Version Control Guide for Beginner Data Engineers

Version control using GitHub is essential for systematically managing collaboration and maintaining code quality in data engineering projects. When multiple team members work on the same codebase, issues such as overlooked updates or conflicting changes can frequently arise. Git helps minimize these issues by providing a clear record of code changes. Additionally, it is highly useful for quickly reverting to a previous state when incorrect changes are made.
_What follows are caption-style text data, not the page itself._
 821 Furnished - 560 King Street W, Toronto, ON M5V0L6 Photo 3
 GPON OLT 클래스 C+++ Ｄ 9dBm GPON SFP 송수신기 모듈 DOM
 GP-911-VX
This guide is tailored for beginners like me who are new to Git and version control. 🙂

Git is commonly used with GitHub, one of the most widely adopted platforms for code storage and collaboration. GitHub offers various features such as Pull Requests and code reviews, making it an effective tool for sharing code changes and collaborating efficiently with team members.
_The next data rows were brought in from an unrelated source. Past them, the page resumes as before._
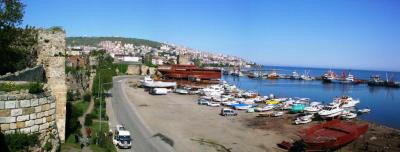 Sinop From the Jail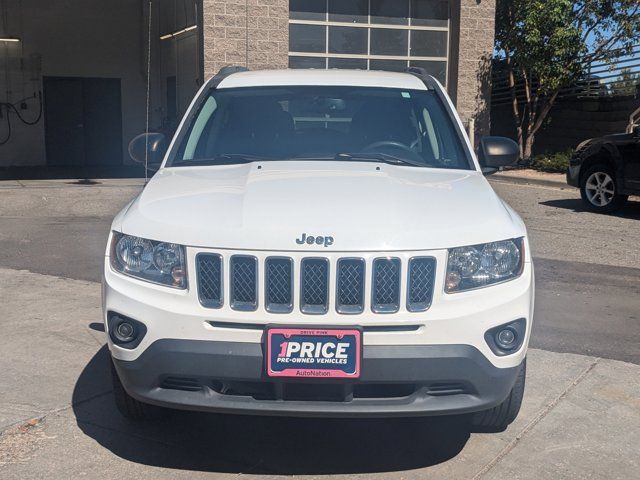 2017 Jeep Compass Sport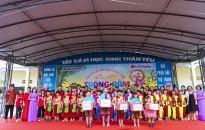 Công ty TNHH LG Display Việt Nam Hải Phòng:  Tổ chức nhiều hoạt động ý nghĩa dịp Tết Trung thu 2022 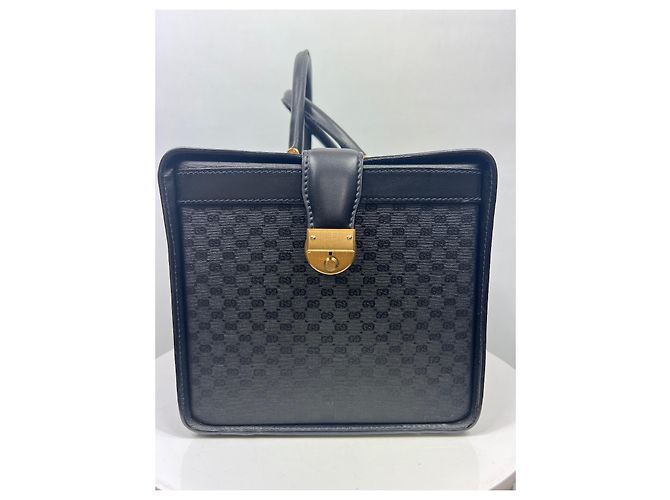 Gucci Beauty Case Nero - vista 5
Branch Naming Conventions and Management Strategies

Branch Naming Conventions

Branch names should clearly indicate the purpose and type of change. Examples of naming conventions include:

  • project/feature/name_of_feature: Used for developing new features.
  • project/fix/name_of_fix: Used for fixing bugs.
  • project/refactor/name_of_refactor: Used for making structural changes to the code.

For example, to develop a new pipeline feature in “project_a”:

git checkout -b project_a/feature/add_pipeline

Branch Management Strategies

When working on GitHub, there are two primary branches in a project:

  1. prod: The branch for stable code used in the production environment.
  2. dev: The branch for testing and development work.
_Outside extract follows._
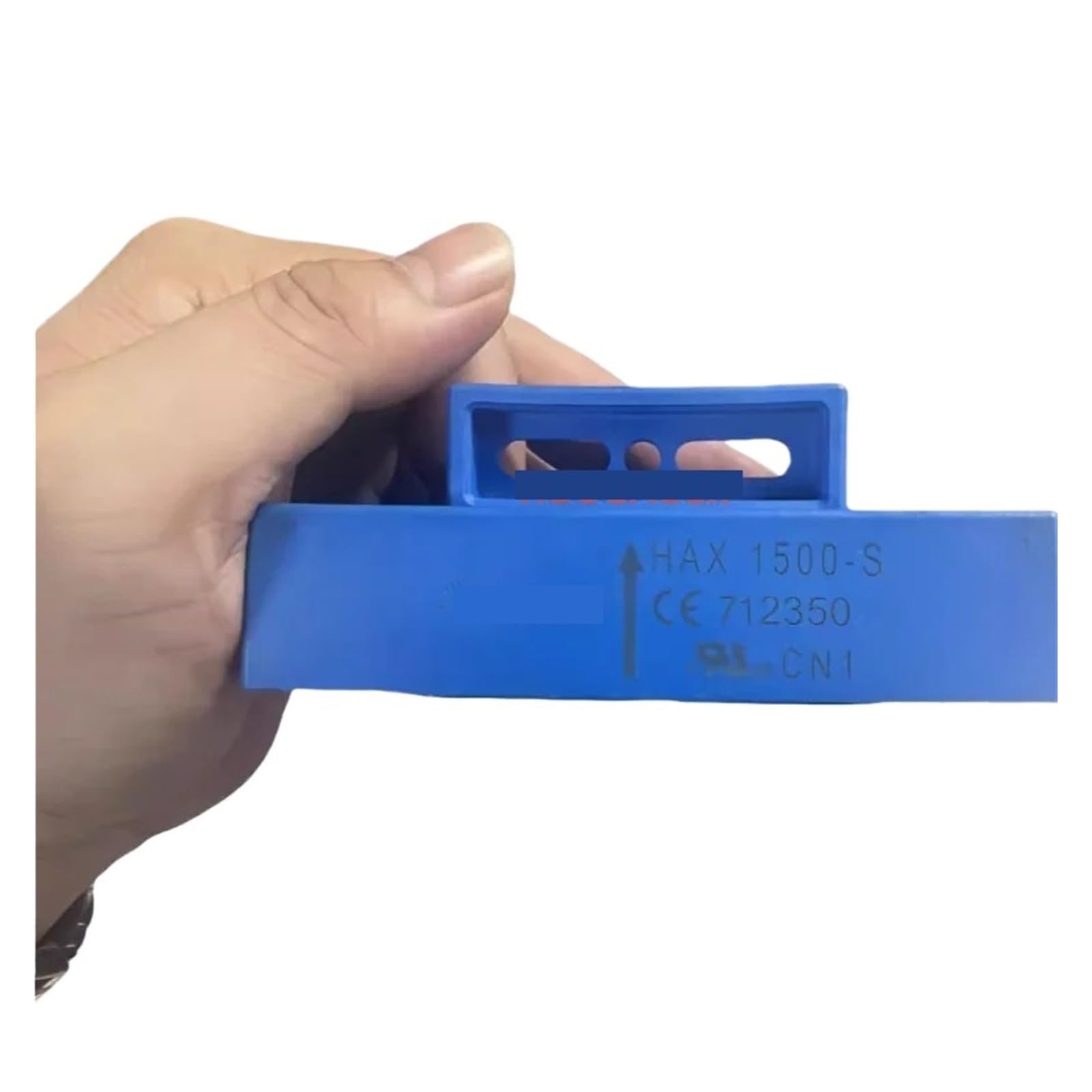 Capteur de courant HAX4000-S transducteur effet Hall pour forte puissance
New features should always begin from the prod branch, tested in dev, and then merged back into prod.

Steps for Creating and Managing Branches

  1. Create a Branch from prod:
    • The git checkout command is used to switch between branches or create a new branch. git checkout prod activates the prod branch, and the -b option creates a new branch.Example commands to create a branch for a new feature:
git checkout prod
git pull git checkout -b feature/topic_1

2. Commit Changes and Push to Remote Repository:

  • After writing code, save changes in the local repository:

git commit -am "Add new feature"
git push -u origin feature/topic_1

3. Merge and Test in dev:

  • Create a Pull Request (PR) to merge changes into dev.
  • If conflicts arise, resolve them in a new branch (e.g., feature/topic_1/dev).

4. Deploy to prod:

  • Once testing is complete, merge the changes from dev into prod.

    Why Always Start from prod?

    The prod branch contains the most stable and up-to-date code. When developing new features or fixing bugs, it is crucial to base your work on stable code to avoid unexpected errors. In contrast, the dev branch may include experimental or incomplete code, increasing the risk of complications. Thus, starting from prod ensures a more reliable foundation for your work.


    Guidelines for Commits and Pull Requests

    Writing Effective Commits

    Commit messages should be clear and concise, following these rules:

    • Write in the imperative mood: Describe what the commit will do.
      • Example: add google analytics extraction pipeline
      • Example: fix bug surplus revenue
    • Commit small and often: Save progress whenever the code is functional to enhance traceability.

    Creating Effective Pull Requests

    Pull Requests (PRs) are essential for collaboration and code review. Include the following details in a PR:

    1. Purpose and Context:
      • Example: “This PR adds a Google Analytics pipeline.”
    2. Relevant Links:
      • Ticket system links, documentation (e.g., dbt docs), or related PRs.
    3. Merge and Deployment Instructions:
      • Indicate if a full-refresh or any special actions are required.
    4. Review and Merge Criteria:
      • At least one team member approval.
      • All tests must pass.

    Conflict Resolution and Branch Cleanup

    Resolving Conflicts

    Conflicts can occur when merging a PR into dev. Follow these steps to resolve conflicts:

    1. Merge dev into feature/topic_1:
    git checkout feature/topic_1
    git merge dev
    1. Create a new branch for conflict resolution:
    git checkout -b feature/topic_1/dev
    1. Resolve conflicts and merge back into dev.

    Cleaning Up Branches

    Remove completed branches to maintain a clean codebase:

    • Delete local branches:
    git branch -d feature/topic_1
    • Delete remote branches:
    git push origin --delete feature/topic_1

    Version Control Guide Summary

    1. Create a New Branch:
      • Always start from prod.
    2. Commit Changes:
      • Save changes to the local repository.
    3. Share Your Work:
      • Push changes to the remote repository.
    4. Test in dev:
      • Create a PR and merge into dev for testing.
    5. Deploy to prod:
      • Merge verified code into prod.
    6. Clean Up Branches:
      • Remove local and remote branches after completing work.

    Using Git and version control effectively enhances collaboration and code quality in data engineering projects. Follow this guide to learn the basics of Git and apply it to your projects with confidence.